Infrastructure

More Big, Inevitable Infrastructure Build-Out Winners (UBS, CBI, MDR, KBR, FWLT, FLR, ACM, TPC)

It has been estimated that $2.75 trillion will need to be invested in America’s aging infrastructure by 2020 to get our crumbling roads, bridges, highways, water systems and power grids back up to par. We have already offered up our own list of 11 companies that will win from the infrastructure rebuild. Now we have found a new list of infrastructure winners, and the overlap is minimal.

Many politicians in Washington, D.C., have howled over the lack of infrastructure spending, despite almost $1 trillion in stimulus being thrown at the economy since the Great Recession started in 2008. Did the president finally hint in last week’s State of the Union speech that long-awaited funding may be headed to infrastructure repair soon? Despite political posturing, both parties concede that infrastructure spending is a necessity. The engineering and construction analysts at UBS A.G. (NYSE: UBS) dissected the recent State of the Union speech and came up with some clear positives.

Among those positives: speeding up oil and gas permits, a “fix-it-first” infrastructure plan focusing on roads and bridges, and discussion of public/private infrastructure partnerships. They also spotted some negatives, which include the potential for executive orders to regulate carbon emissions at existing power plants, a headwind for coal/emissions spending, but a positive for carbon capture companies.

The team at UBS also pointed out that, while the engineering and construction sector has outperformed the market over past one, three and six month periods, they think relatively flattish backlogs in the first half of 2013 could moderate the outperformance in the near term. However, they expect backlogs to grow and drive better stock performance in the latter half of the year. That is a theme many bulge bracket Wall St. firms have echoed.

Here is a list of the UBS stocks in the engineering and construction sector they have ranked as a Buy:

Chicago Bridge & Iron Co. N.V. (NYSE: CBI) provides conceptual design, technology, engineering, procurement, fabrication, construction and commissioning services to energy and natural resource industries worldwide.

McDermott International Inc. (NYSE: MDR) operates as an engineering, procurement, construction and installation (EPCI) company worldwide. It focuses on designing and executing complex offshore oil and gas projects.

KBR Inc. (NYSE: KBR) is a global engineering, construction and services company. It has three individual segments that focus on oil and gas, government construction and power-generation facilities.

Foster Wheeler A.G. (NASDAQ: FWLT), through its subsidiaries, operates as an engineering and construction contractor and power generating equipment supplier worldwide. Based in Geneva, Foster Wheeler has both U.S. and international business to strengthen earnings.

Fluor Corp. (NYSE: FLR) is based in Dallas and, through its subsidiaries, provides engineering, procurement, construction, maintenance and project management services worldwide. Like KBR, Fluor has multiple segments that focus on oil and gas, industry and infrastructure, government construction and global services.

AECOM Technology Corp. (NYSE: ACM) provides professional technical and management support services for commercial and government clients worldwide.
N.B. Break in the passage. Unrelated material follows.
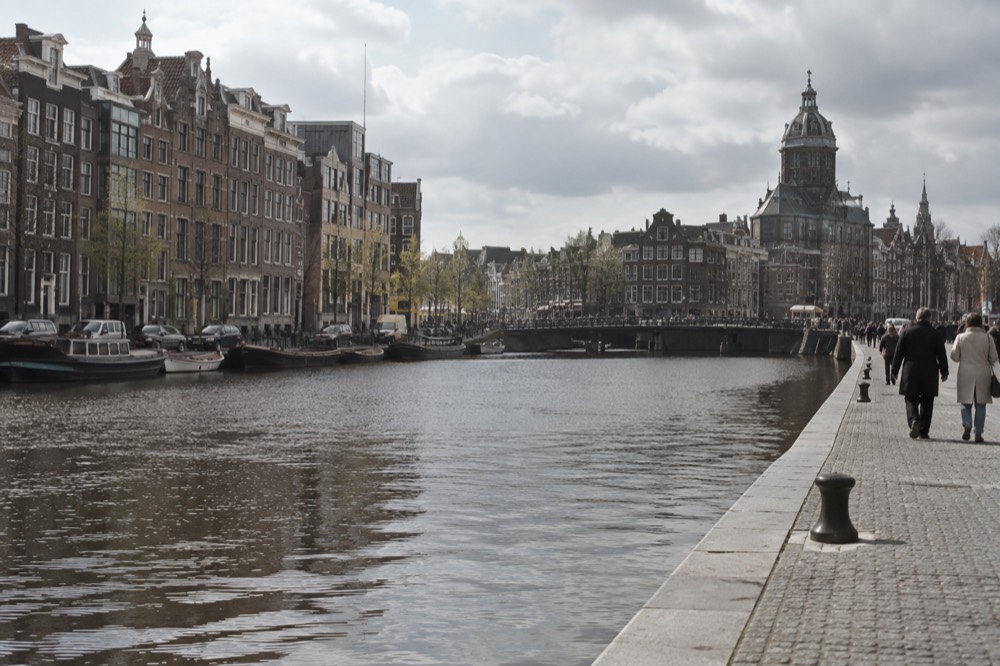 The waterfront near Dam Square under a broad grey northern sky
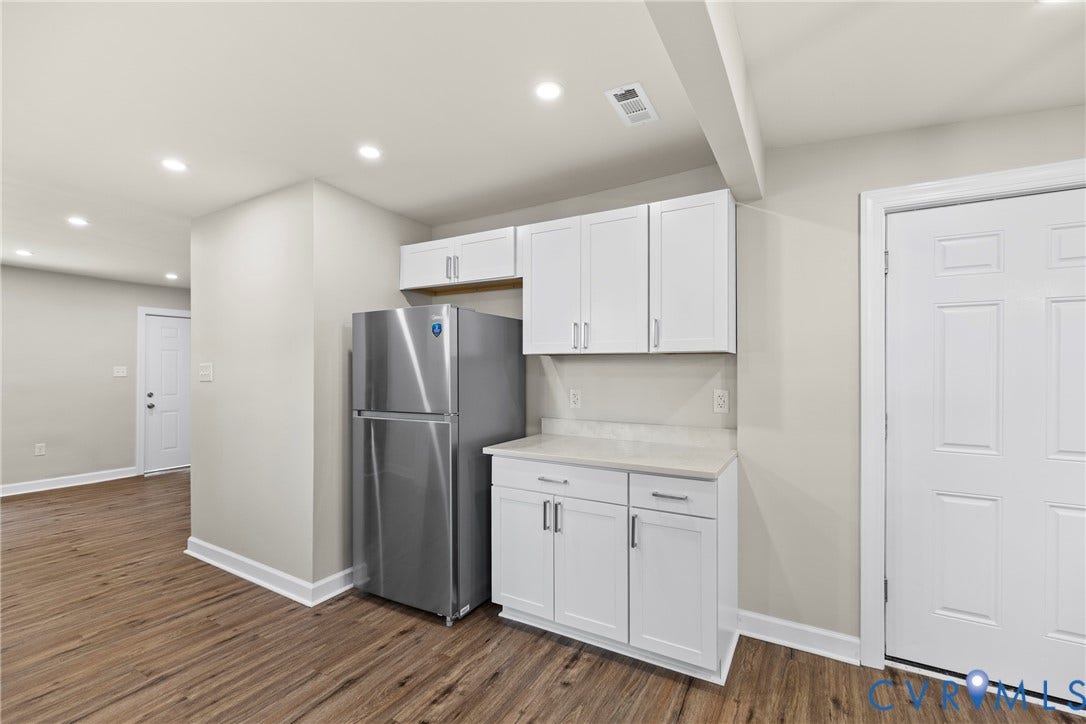 606 Effingham Drive, Woodhaven, Richmond, VA 23224 Wood-finish flooring with white baseboards, recessed lighting, and stainless steel refrigerator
We recently highlighted this fast-growing company after Bank of America (NYSE: BAC) gave it a massive upgrade.

Tutor Perini Corp. (NYSE: TPC) provides diversified general contracting, construction management and design-build services to private clients and public agencies worldwide. The company operates in four segments: Civil, Building, Specialty Contractors and Management Services.

One interesting common thread in some of these companies is that they are extremely diversified, with multiple segments to cover a wide range of sectors and services. Again, as we pointed out previously, the total lack of spending on our domestic infrastructure has brought us to almost crisis levels. This leaves a massive opportunity for U.S. and North American infrastructure firms for capital investments in airports, seaports and waterways, road and rail, and electricity. The crisis level need may indicate that funding happens sooner rather than later.